Wherein John McDermott and Cardiff Garcia try to understand the deal of the day and realise they should’ve gone to law school and become antitrust attorneys.

What just happened?

The Department of Justice on Wednesday morning held a brief press conference to explain its antitrust lawsuit against AT&T’s acquisition of T-Mobile USA and released the accompanying complaint (click through for the full document):

The gist is that the merger would eliminate competition in a market where the big four providers already account for over 90 per cent of mobile wireless connections, and where AT&T and T-Mobile compete directly in all but three of the main 100 cellular marketing areas (CMAs).

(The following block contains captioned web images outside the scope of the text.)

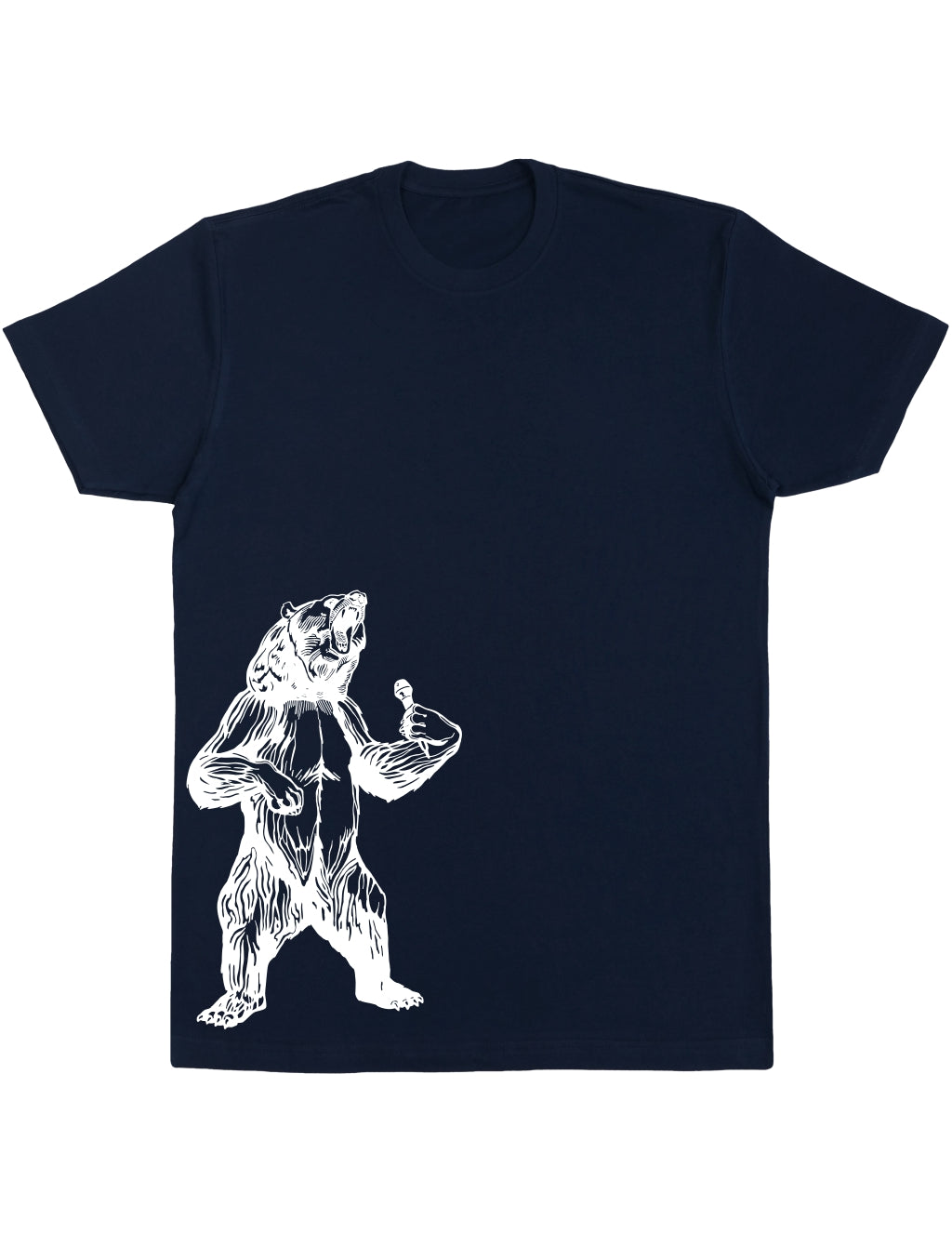 bear trying to sing karaoke seembo men cotton shirt navy color side print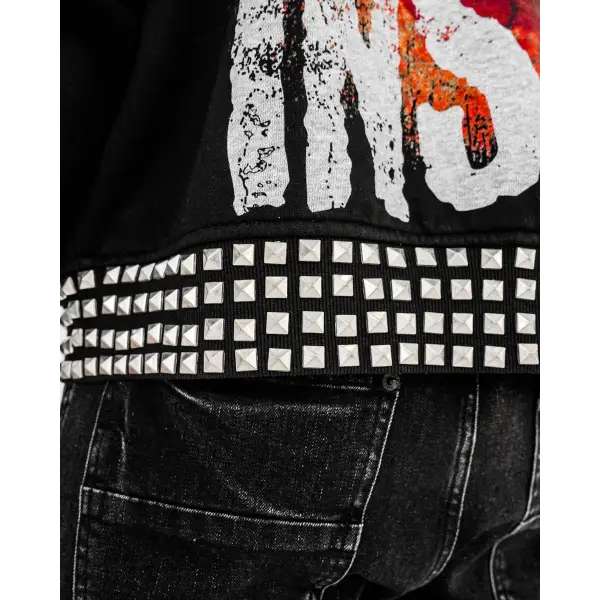 Preme broken studded zip up hoodie - HOODIE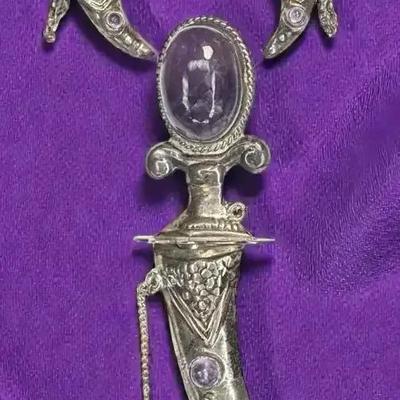 Sterling dagger with sheath pin matching earrings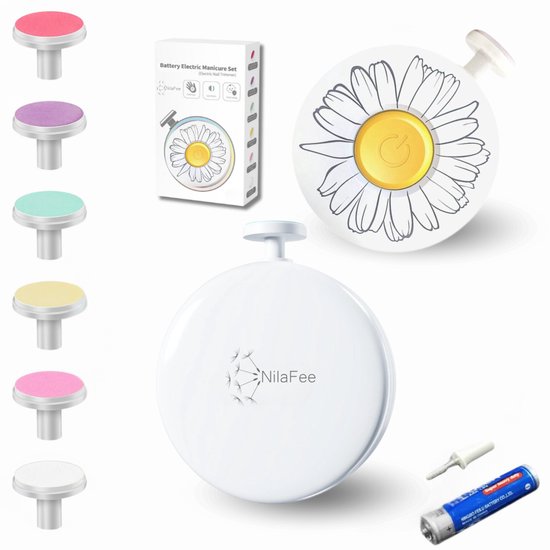 NilaFee® - Lime à ongles électrique pour bébés - Pile incluse - 7 limes - Kit de manucure - Kit de soins - Ciseaux à ongles - Marguerite
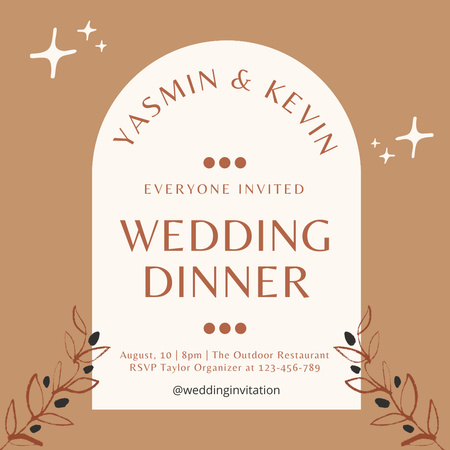 Esküvői vacsora meghívó Instagram tervezősablon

It would also have given the new firm pretty much a full monopoly on GSM cellphones, according to Felix Salmon.

If you’re into this sort of thing, the Herfindahl-Hirschman Index, a widely used gauge of market concentration, would have exceeded 2,500 in 96 of the 100 CMAs, which according to DoJ equates to a “highly concentrated” market.

Similar concerns were noted in the FCC’s national broadband plan. The FCC hasn’t formally given its ruling on the deal, but the chairman issued a statement that appears supportive of the DoJ’s decision:

Competition is an essential component of the FCC’s statutory public interest analysis, and although our process is not complete, the record before this agency also raises serious concerns about the impact of the proposed transaction on competition. Vibrant competition in wireless services is vital to innovation, investment, economic growth and job creation, and to drive our global leadership in mobile. Competition fosters consumer benefits, including more choices, better service and lower prices.

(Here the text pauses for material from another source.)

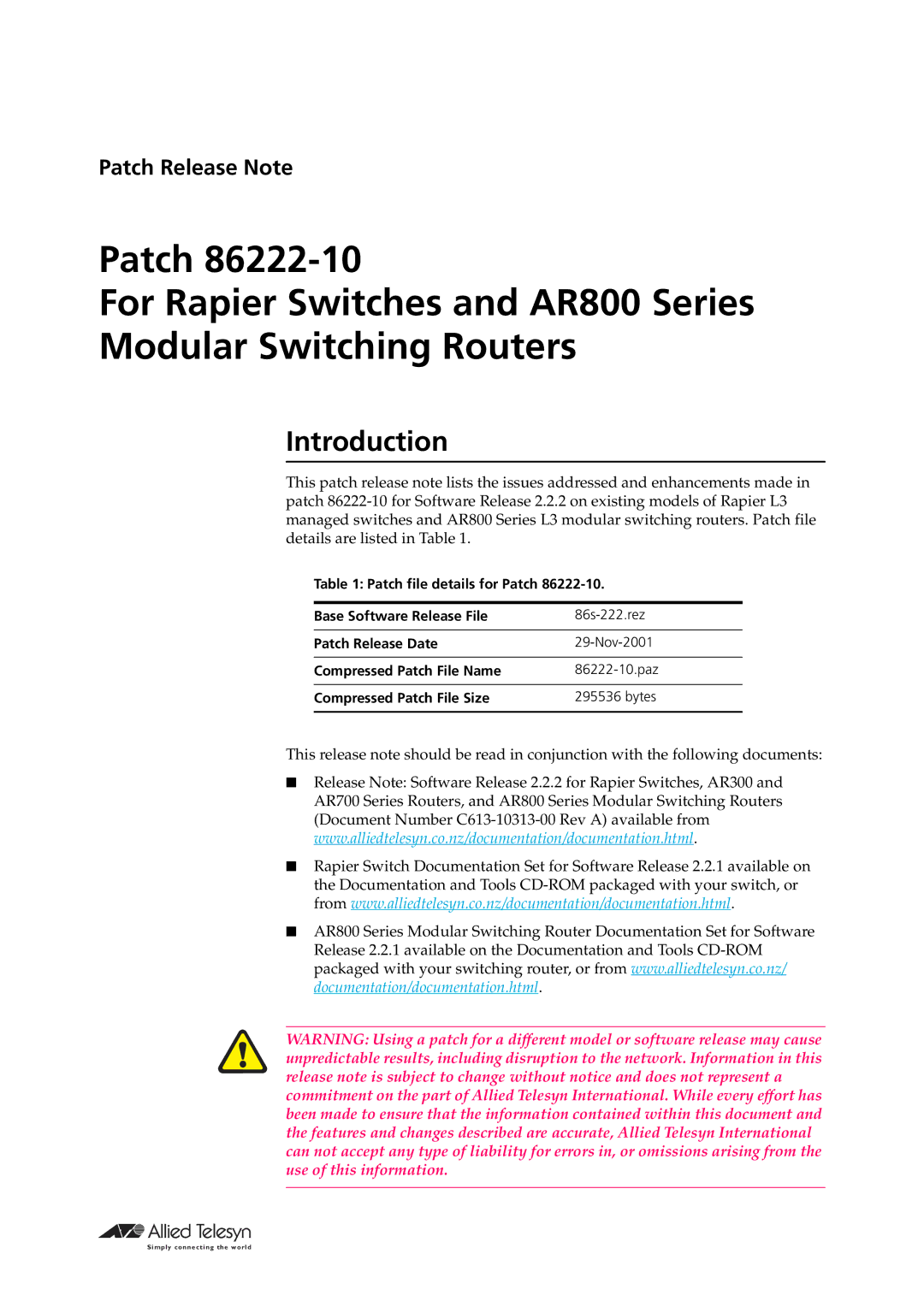 Allied Telesis 86222-10 manual Introduction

The complaint also stresses that T-mobile has proved to be an especially uppity upstart, challenging the incumbents on price and leading the adoption of certain handets and operating systems.

T-Mobile sees itself as “the No. 1 value challenger of the established big guys in the market and as well positioned in a consolidated 4-player national market”; and

T-Mobile’s strategy is to “attack incumbents and find innovative ways to overcome scale disadvantages. [T-Mobile] will be faster, more agile, and scrappy, with diligence on decisions and costs both big and small. Our approach to market will not be conventional, and we will push to the boundaries where possible. . . . [T-Mobile] will champion the customer and break down industry barriers with innovations. . . .”

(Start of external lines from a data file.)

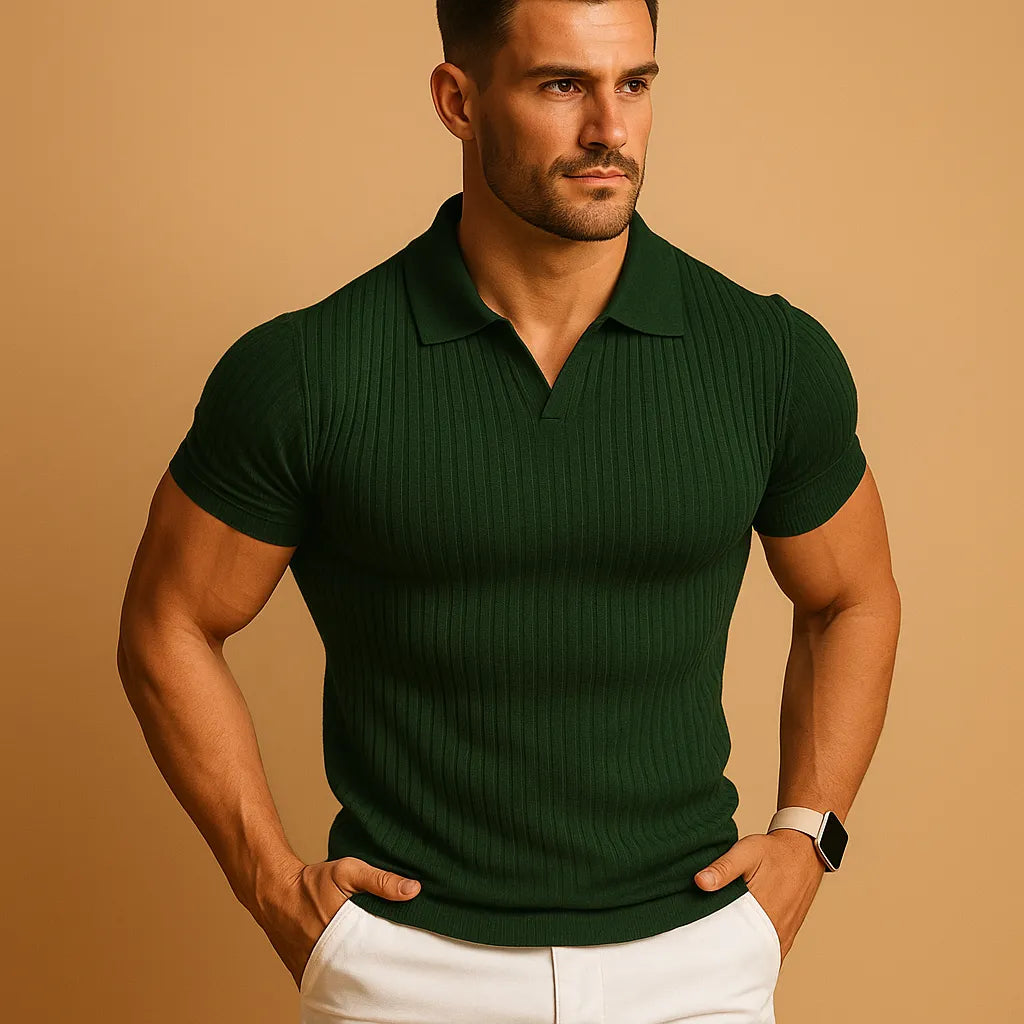 Men's Slim Fit V-Neck Polo Shirt with Ribbed Trim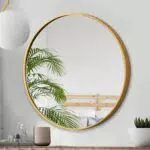 OUKEELAR Rund Wandspiegel Gold Klein HD Glas Spiegel in Badzimmer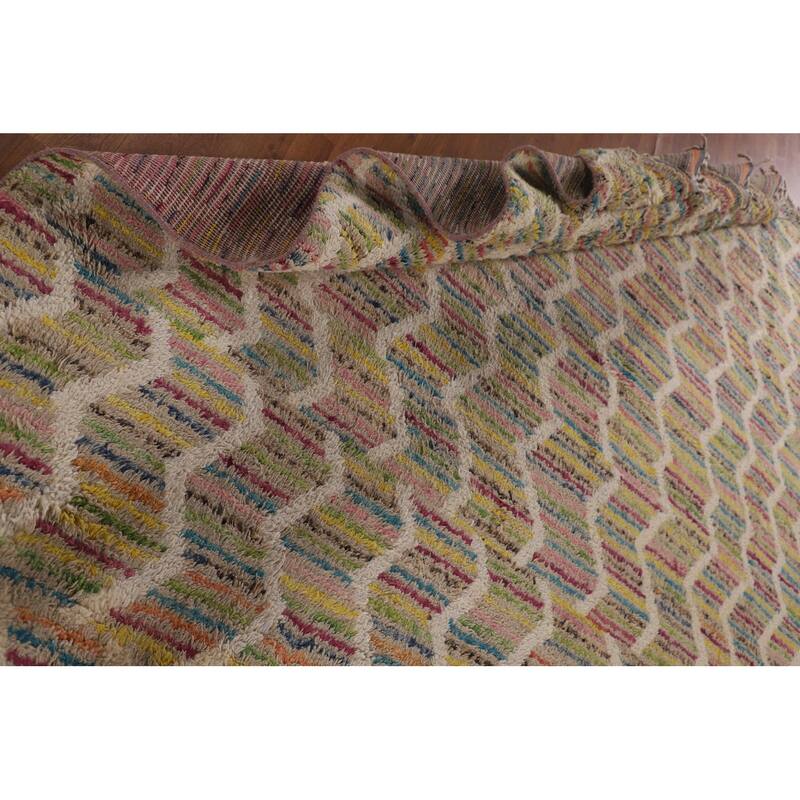 Moroccan Oriental Large Area Rug Hand-Knotted Wool Carpet - 9'4" x 14'10"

Using T-Mobile’s own success against it — the DoJ, it seems, came to play.

DoJ also scoffs at the efficiences claimed by AT&T and T-Mobile, arguing that they were insufficient to overcome the competition concerns. “The Defendants cannot demonstrate merger-specific, cognizable efficiencies sufficient to reverse the acquisition’s anticompetitive effects,” says the complaint.

So while this is a good day for the US consumer, it’s a bad one for AT&T. It’s made worse by the terms of the proposed deal: AT&T had pledged a $3bn reverse break fee to Deutsche Telekom should regulatory approval note be granted, as well as providing it with additional radio spectrum and 3G roaming arrangements, says the FT. This helps to explain why it looks like it’ll fight the deal. Here’s the statement from Wayne Watts, AT&T’s general counsel:

We are surprised and disappointed by today’s action, particularly since we have met repeatedly with the Department of Justice and there was no indication from the DOJ that this action was being contemplated. We plan to ask for an expedited hearing so the enormous benefits of this merger can be fully reviewed. The DOJ has the burden of proving alleged anti-competitive affects and we intend to vigorously contest this matter in court.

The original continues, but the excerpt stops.